Efficient and scalable data evolution with column oriented databases
Abstract
Database evolution is the process of updating the schema of a database or data warehouse (schema evolution) and evolving the data to the updated schema (data evolution). It is often desired or necessitated when changes occur to the data or the query workload, the initial schema was not carefully designed, or more knowledge of the database is known and a better schema is concluded. The Wikipedia database, for example, has had more than 170 versions in the past 5 years [8]. Unfortunately, although much research has been done on the schema evolution part, data evolution has long been a prohibitively expensive process, which essentially evolves the data by executing SQL queries and re-constructing indexes. This prevents databases from being flexibly and frequently changed based on the need and forces schema designers, who cannot afford mistakes, to be highly cautious.
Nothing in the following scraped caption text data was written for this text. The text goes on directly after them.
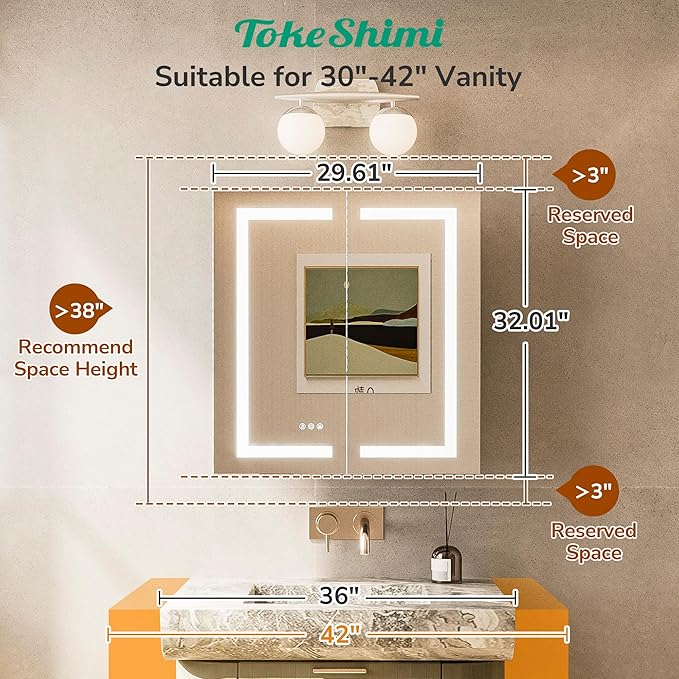 TokeShimi 30x32 Lighted Medicine Cabinet Mirror with Electrical Outlet, Led Medicine Cabinet with Lights Frontlit, Anti-Fog 3 Colors Dimmable Mirror with Storage for Bathroom, Wall Mounted/Recessed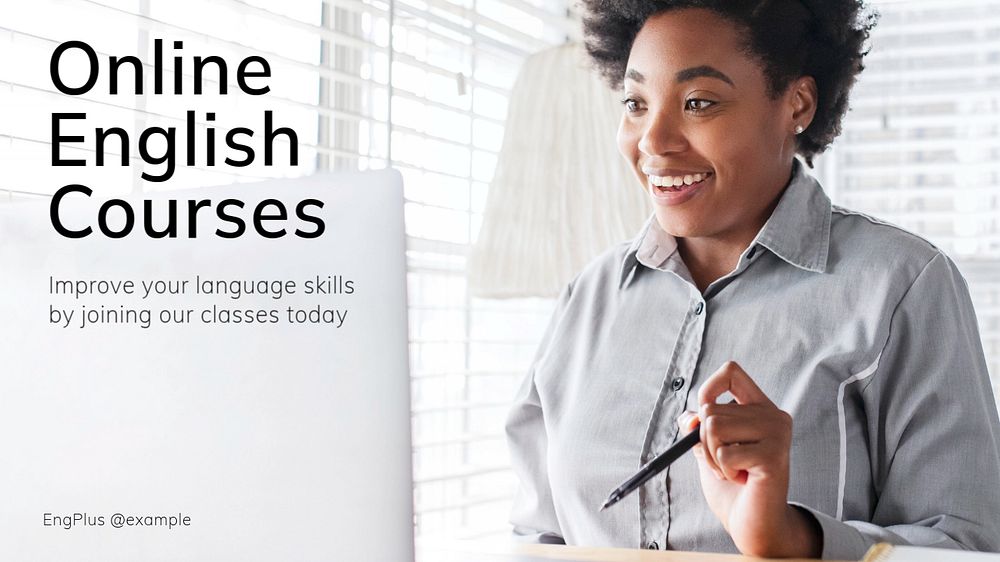 Online English courses blog banner template, editable text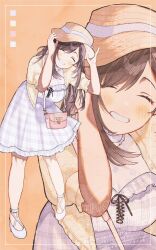 Rule 34 | 1girl, 965ma mogumogu, ^ ^, absurdres, bag, blue dress, breasts, brown hair, closed eyes, color guide, dot nose, dress, eyelashes, frilled dress, frilled jacket, frills, grin, handbag, hands on headwear, hat, highres, idolmaster, idolmaster shiny colors, jacket, large breasts, light blush, long hair, long sleeves, official alternate costume, open mouth, pink bag, plaid clothes, plaid dress, puffy sleeves, shoes, short sleeves, smile, solo, straw hat, swept bangs, teeth, tsukioka kogane, white jacket, white shoes, zoom layer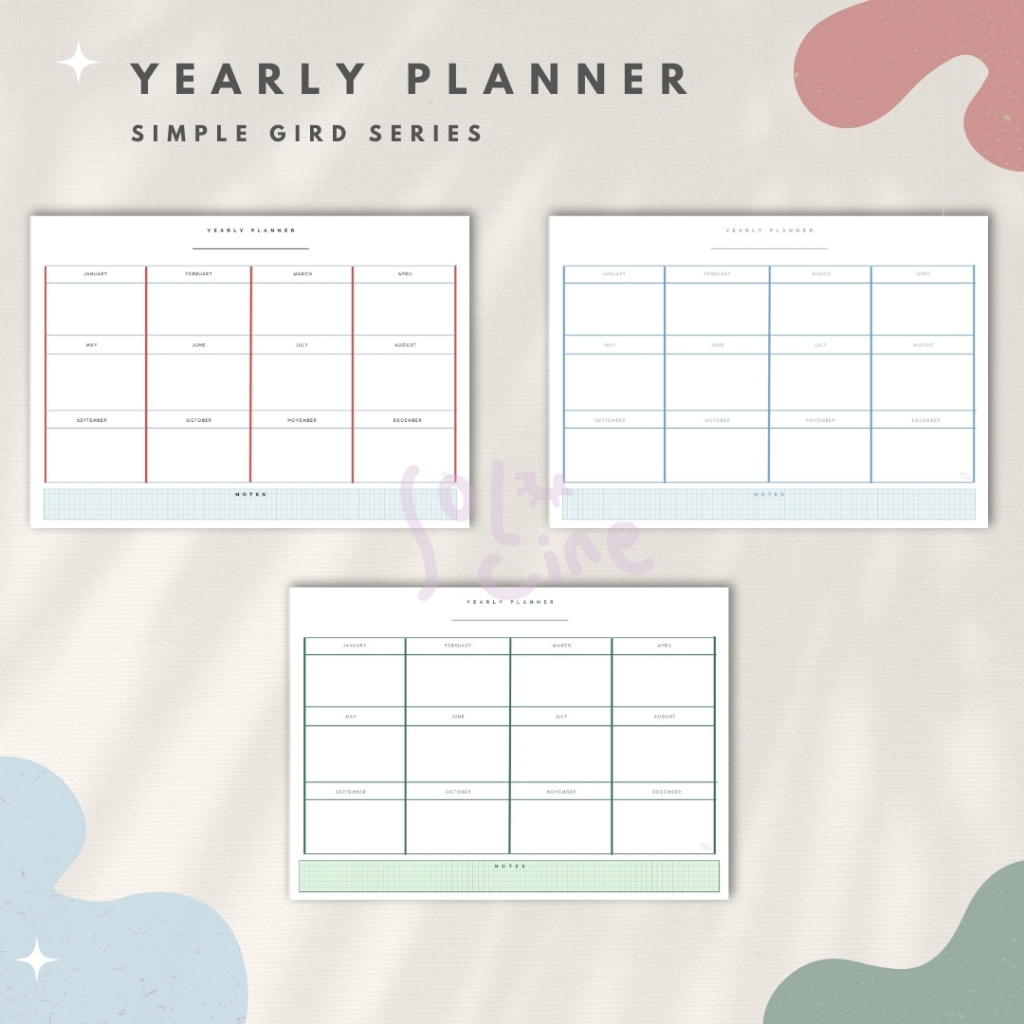 

Yearly Planner / Wall Planner - Simple Grid Series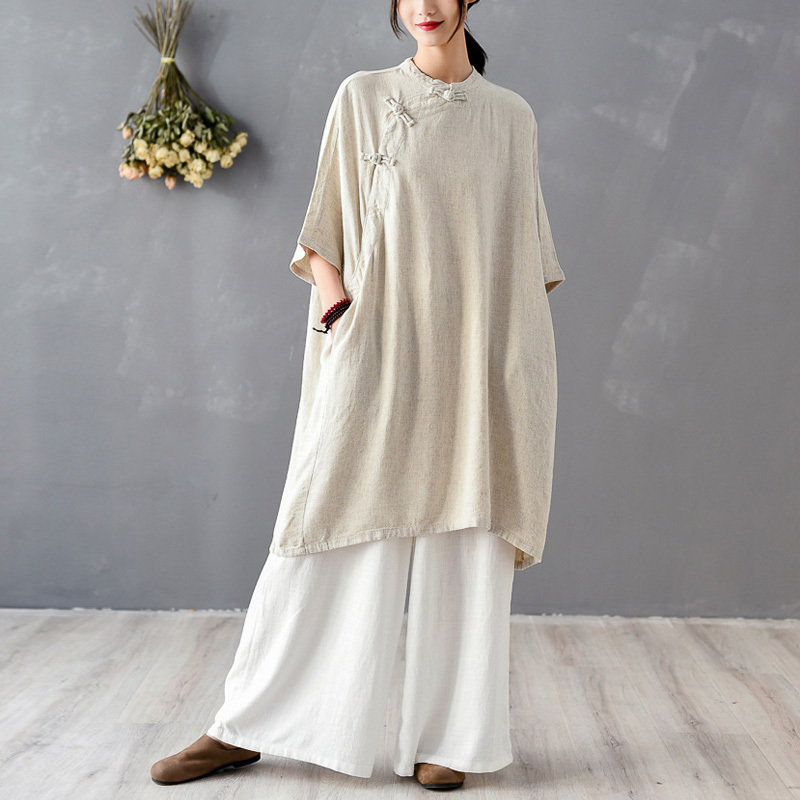 Johnature Summer Cotton Linen Women's Dresses Loose Vintage Stand Short Sleeve Solid Color Robes Plus Size Women Dresses 210521, White
Johnature Summer Cotton Linen Women's Dresses Loose Vintage Stand Short Sleeve Solid Color Robes Plus Size Women Dresses 210521, White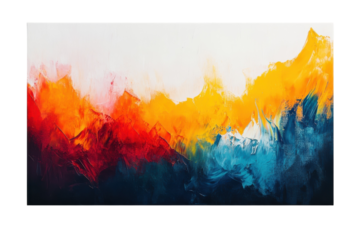 Vibrant abstract landscape painting in fiery oranges reds and deep blues evokes powerful emotions a captivating blend of texture and on transparent background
Techniques that enable efficient data evolution will undoubtedly make life much easier. In this paper, we study the efficiency of data evolution, and discuss the techniques for data evolution on column oriented databases, which store each attribute, rather than each tuple, contiguously. We show that column oriented databases have a better potential than traditional row oriented databases for supporting data evolution, and propose a novel data-level data evolution framework on column oriented databases. Our approach, as suggested by experimental evaluations on real and synthetic data, is much more efficient than the query-level data evolution on both row and column oriented databases, which involves unnecessary access of irrelevant data, materializing intermediate results and re-constructing indexes.